Contenu dans la loi constitutionnelle du 18 janvier 1996, la déclaration des biens tant acclamée par les Camerounais reste un mirage, 28 ans après. En avril 2006, l’Etat a pris la loi du 26 avril 2006, portant déclaration des biens et des avoirs et l’article 6 précise à propos que la déclaration des biens et des avoirs se fait devant la Comité nationale de déclarations des biens et des avoirs. « On attend seulement que le Chef de l’Etat prenne un décret portant organisation et fonctionnement du Comité national des biens et des avoirs. Qu’il nomme les membres. Ainsi, tous ceux qui vont vouloir devenir conseillers municipaux, députés, sénateurs, ambassadeurs, consuls…et tous ceux qui occupent déjà des postes administratifs élevés déclareront leurs biens et avoirs. Si demain matin le Fmi prescrit la déclaration des biens au Cameroun, vous verrez que ça se fera. N’oubliez pas que c’est le Fmi qui a prescrit l’Irpp. J’ai été quand même content d’entendre le Fmi demander au gouvernement il y a 2 à 3 mois, de remettre à flot la Sonara, pourtant je le dis depuis 6 ans.
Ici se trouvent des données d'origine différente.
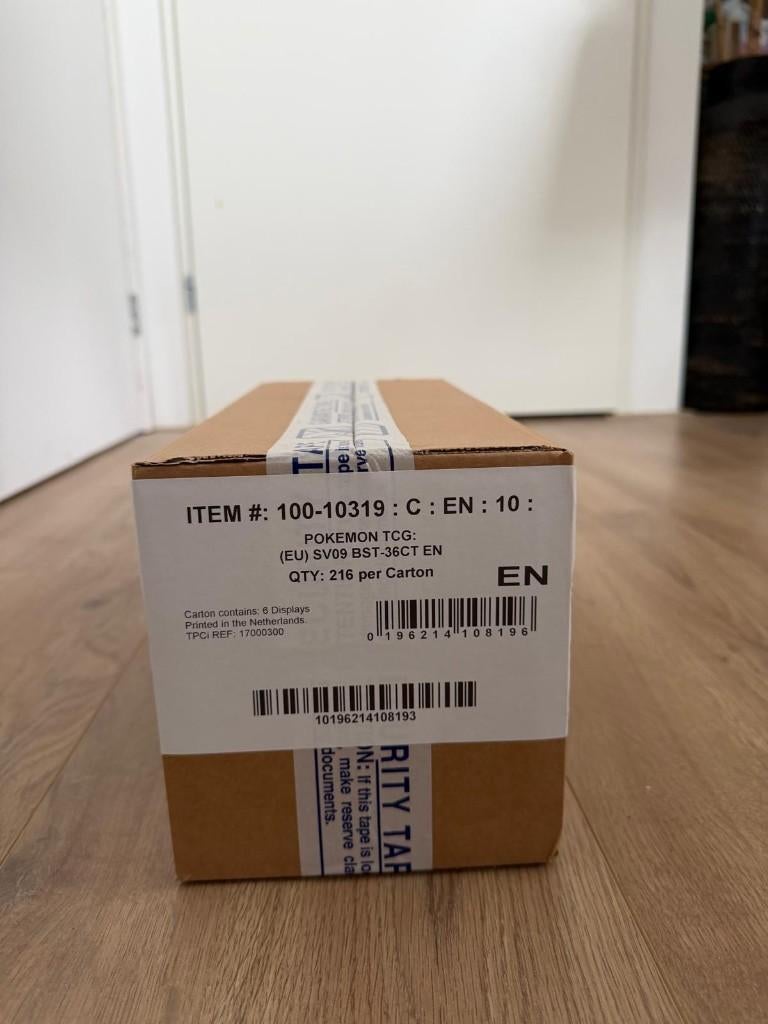 Journey Together Boosterbox Case - Pokémon TCG, Ophalen of Verzenden, Nieuw, Boosterbox, Foil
J’ose espérer que comme le Fmi a commencé à en parler, le gouvernement va s’y atteler, pour faire baisser l’intensité quasi insupportable de l’inflation que nous vivons depuis ces quatre dernières années. L’inflation a atteint des niveaux records ces deux dernières années ». Si hélas le Fmi est devenu ce mal nécessaire, alors qu’il tousse, pour que notre gouvernement s’exécute et travaille à industrialiser le pays et non à asphyxier de sa population.
Valgadine TONGA
Cas du Ghana et du Burkina Faso…
« Prenez le Ghana. En 2023, il a produit 123tonnes d’or, soit environ 6000milliards Fcfa qui représentent au moins 80% du Budget du Cameroun. Et le Ghana vous faisait 800tonnes de cacao l’an, soit 4000milliards Fcfa. Voilà un pays qui a axé ses efforts sur l’or et le cacao, et ça lui permet d’avoir 12.000milliards Fcfa, c’est-à-dire le stock de la dette du Cameroun. Le Cameroun, au 30 septembre 2024 avait un stock de dette évalué par la Caisse autonome d’amortissement à 13.504milliards Fcfa, donc le Fmi doit aider le Cameroun à faire en sorte que la Sonamine produise, pourquoi pas, 200tonnes. Un pays comme le Burkina Faso qui n’a pas autant de ressources comme le Cameroun, envisage de raffiner 400tonnes d’or à l’année, d’ici trois à quatre ans. Le Ghana projette également produire 400tonnes d’or. Le Cameroun doit industrialiser son économie », dixit Dr Jean Marie Biada, expert en fiscalité, expert formateur certifié Onudi en diagnostic et mise à niveau des entreprises.